— Aim of the exercise —
Beginning at the line that contains "RACHELZ Hip Hop" and finishing at the line that contains "GLYDE Vyri&scaron;ki Tatters", output the data below exactly. Include both end lines and no pictures.

— Source material —

========

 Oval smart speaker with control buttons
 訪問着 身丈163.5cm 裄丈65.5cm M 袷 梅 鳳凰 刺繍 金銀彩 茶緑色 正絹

========

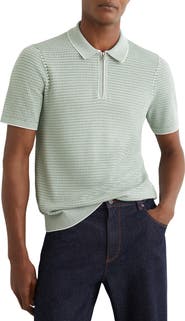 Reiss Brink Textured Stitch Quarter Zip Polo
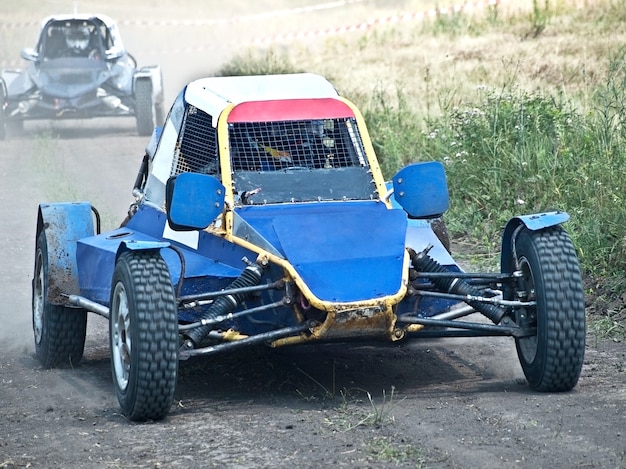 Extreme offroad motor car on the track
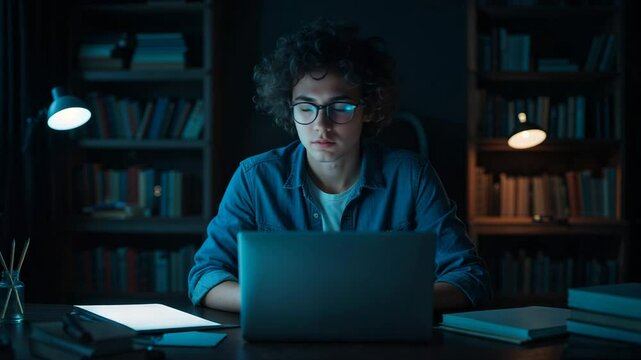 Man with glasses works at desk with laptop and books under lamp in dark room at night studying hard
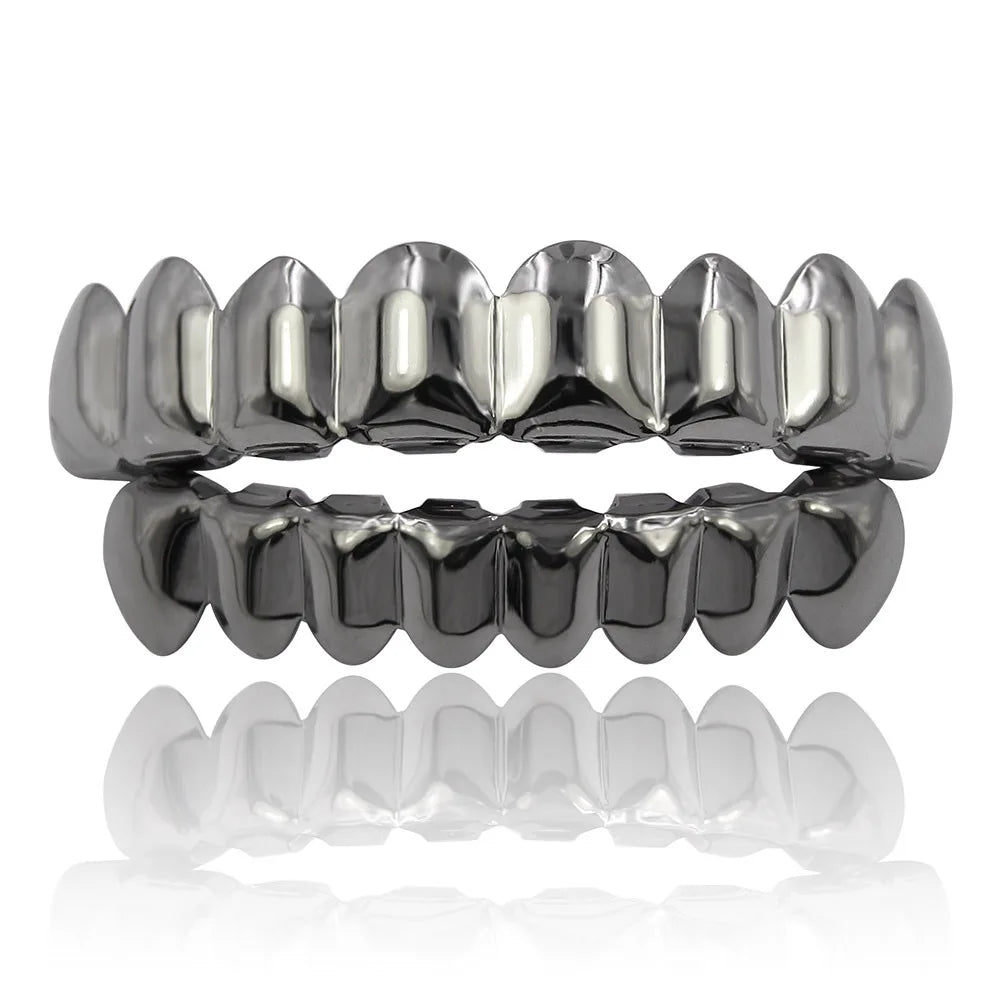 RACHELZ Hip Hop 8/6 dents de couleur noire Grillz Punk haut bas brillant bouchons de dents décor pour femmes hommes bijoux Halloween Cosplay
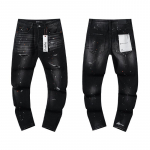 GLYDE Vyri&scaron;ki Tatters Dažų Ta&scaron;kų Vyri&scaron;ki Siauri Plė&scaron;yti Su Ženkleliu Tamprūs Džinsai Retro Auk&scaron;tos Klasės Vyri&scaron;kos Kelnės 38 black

========

— Exercise response —
 RACHELZ Hip Hop 8/6 dents de couleur noire Grillz Punk haut bas brillant bouchons de dents décor pour femmes hommes bijoux Halloween Cosplay
 GLYDE Vyri&scaron;ki Tatters Dažų Ta&scaron;kų Vyri&scaron;ki Siauri Plė&scaron;yti Su Ženkleliu Tamprūs Džinsai Retro Auk&scaron;tos Klasės Vyri&scaron;kos Kelnės 38 black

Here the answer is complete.